EXERCISE DETAILS:
An exact reproduction of the data below is expected, free of images.
=== MATERIAL SHOWN ===
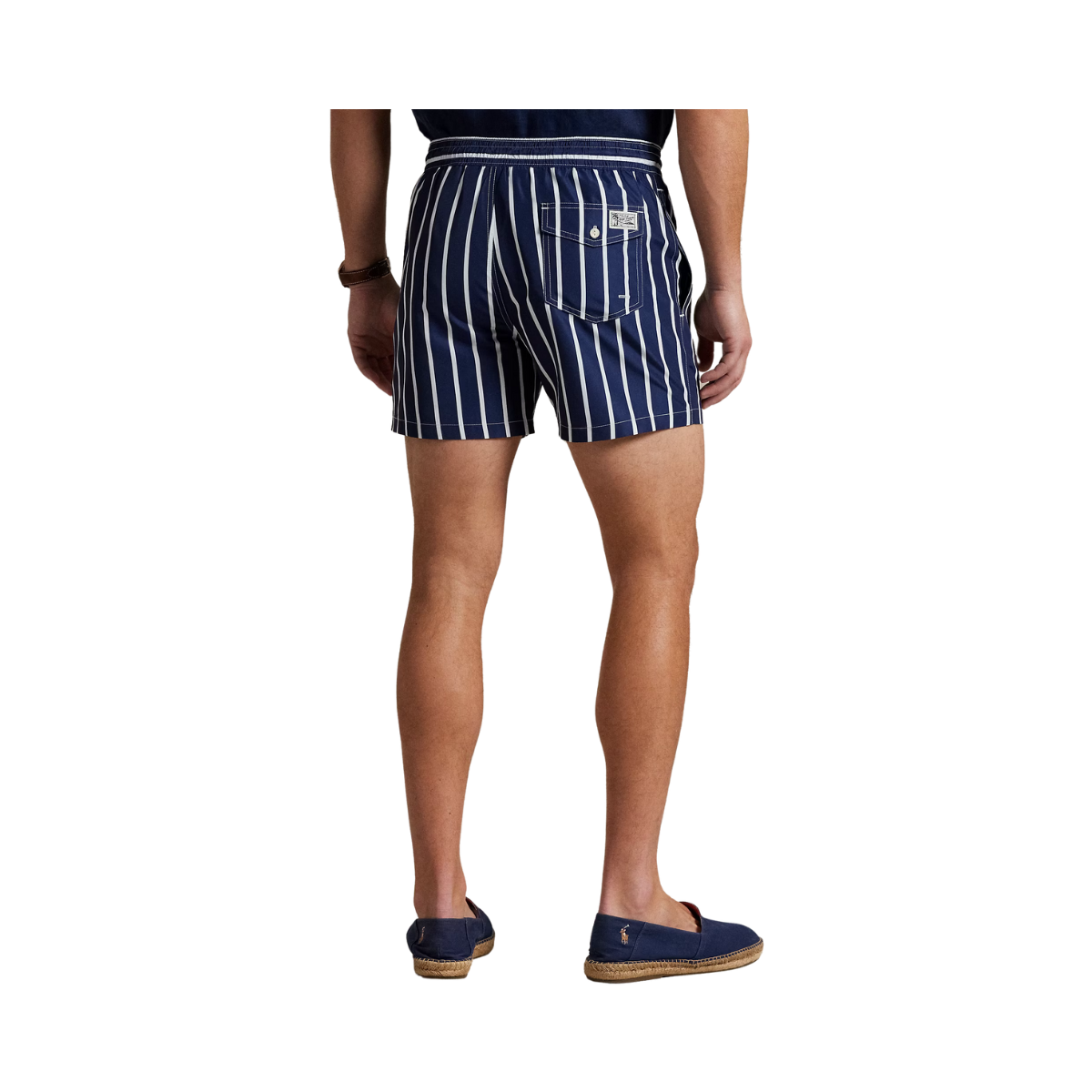 Slftraveler Mid Trunk - Navy Vertical Wide Stripe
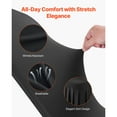 thumbnail image 3 of KFFKFF 30 Pcs Black Chair Covers, Polyester Spandex Stretch Slipcovers for Weddings, Parties, Dining, and Banquets, Flat-Front Design, Fits Chairs Measuring up to 20.08 x 17.72 x 37.4 Inches, 3 of 9
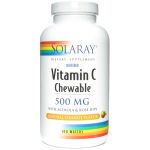 Solaray Vitamin C Chewable 500mg Laranja 100 Cápsulas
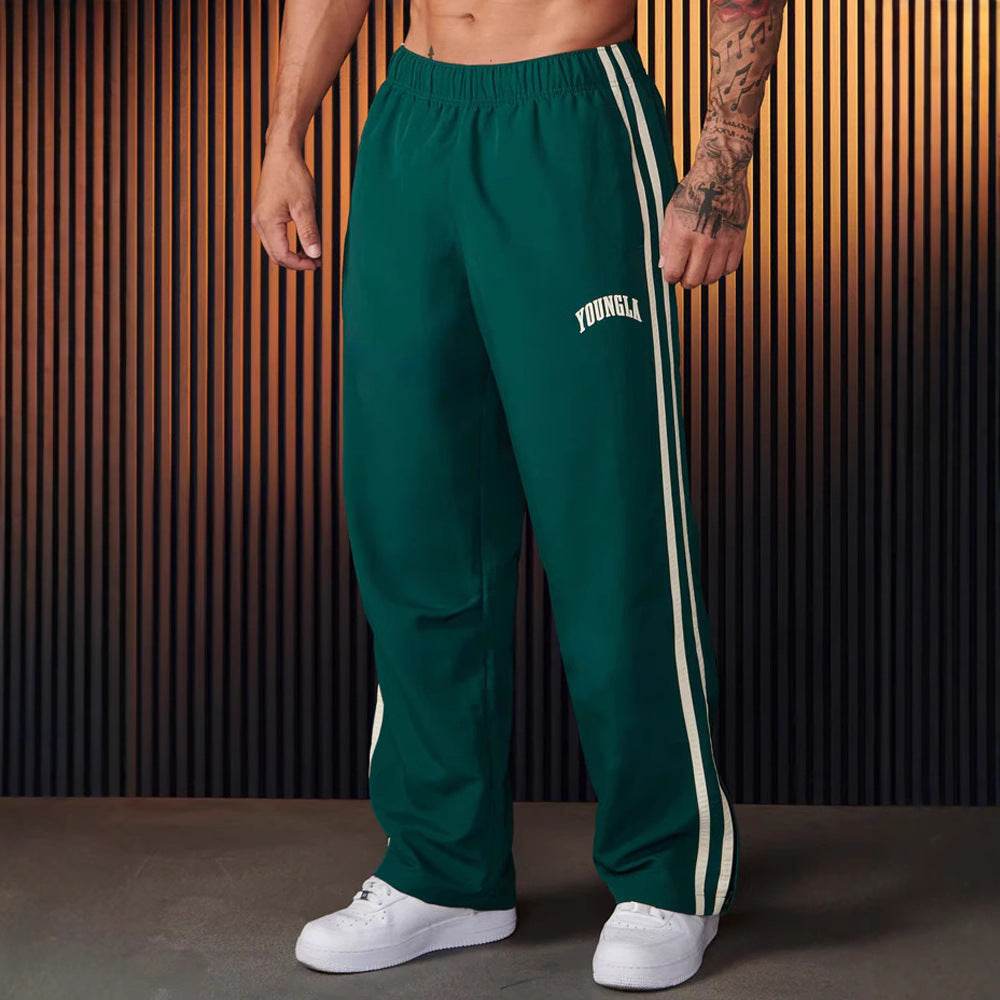 Men's Sports Loose Pants - Stylish Stitching, Available in 5 Colors - Buy Center US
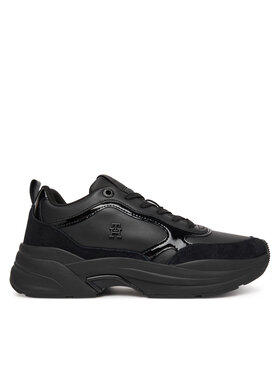 Tommy Hilfiger Sportcipők Tommy Hilfiger Chunky Runner Patent FW0FW08840 Fekete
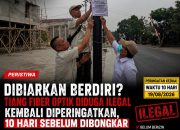 Dibiarkan Berdiri?? Tiang Fiber Optik Diduga Ilegal Kembali Diperingatkan, 10 Hari Sebelum Dibongkar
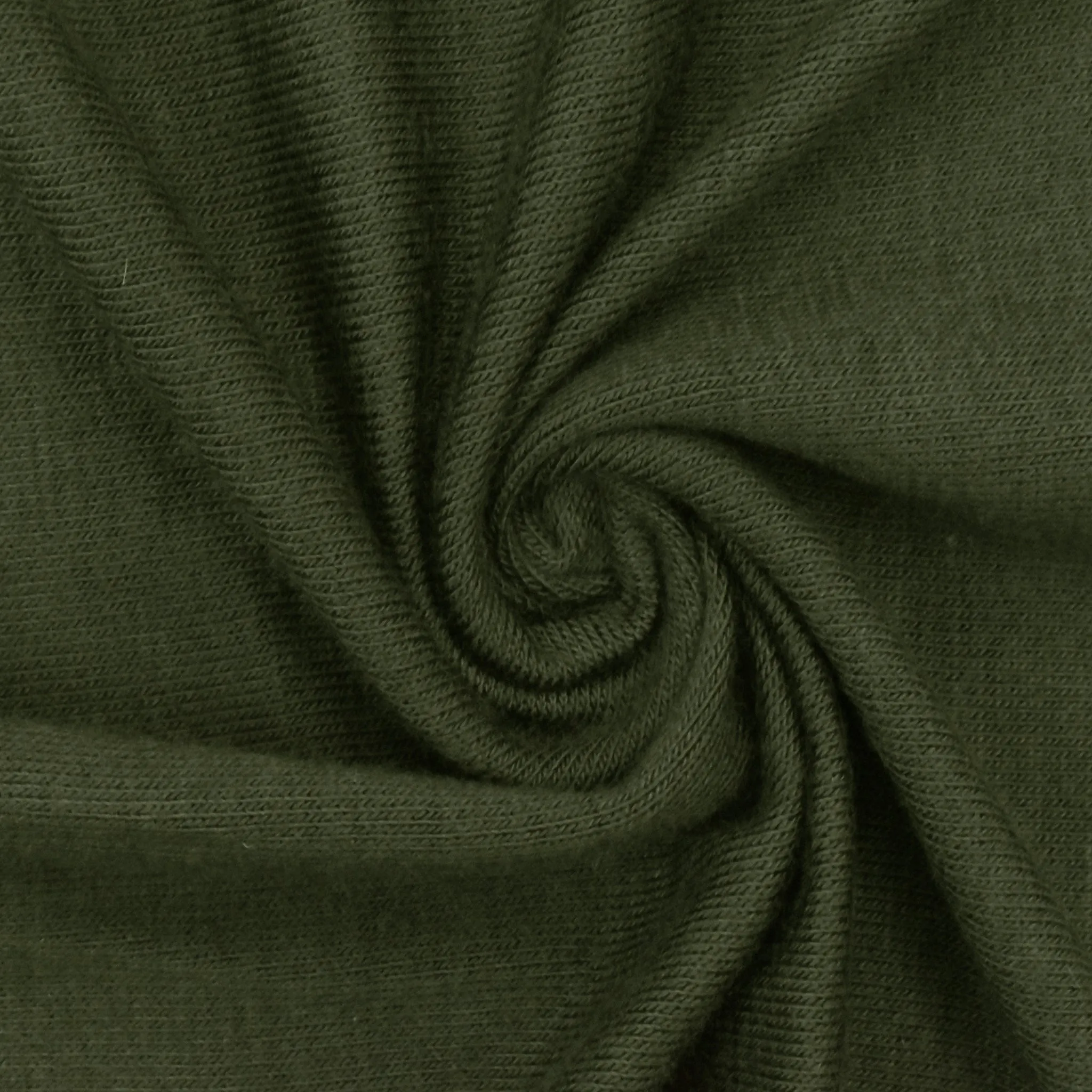 Algae Green Solid Stretch Jersey Knit Fabric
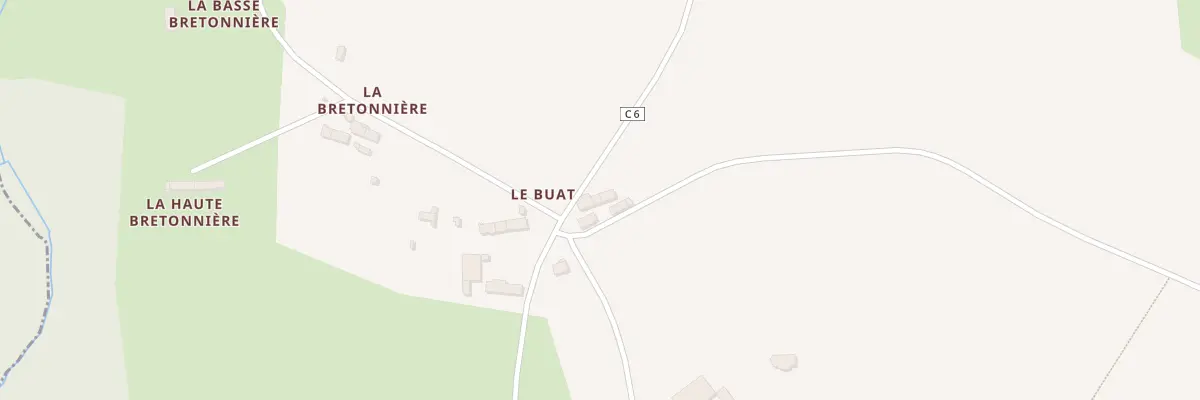 Plan du 5125 Le Buat à La Boussac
===
EXERCISE ANSWER:
 Slftraveler Mid Trunk - Navy Vertical Wide Stripe
 thumbnail image 3 of KFFKFF 30 Pcs Black Chair Covers, Polyester Spandex Stretch Slipcovers for Weddings, Parties, Dining, and Banquets, Flat-Front Design, Fits Chairs Measuring up to 20.08 x 17.72 x 37.4 Inches, 3 of 9
 Solaray Vitamin C Chewable 500mg Laranja 100 Cápsulas
 Men's Sports Loose Pants - Stylish Stitching, Available in 5 Colors - Buy Center US
 Tommy Hilfiger Sportcipők Tommy Hilfiger Chunky Runner Patent FW0FW08840 Fekete
 Dibiarkan Berdiri?? Tiang Fiber Optik Diduga Ilegal Kembali Diperingatkan, 10 Hari Sebelum Dibongkar
 Algae Green Solid Stretch Jersey Knit Fabric
 Plan du 5125 Le Buat à La Boussac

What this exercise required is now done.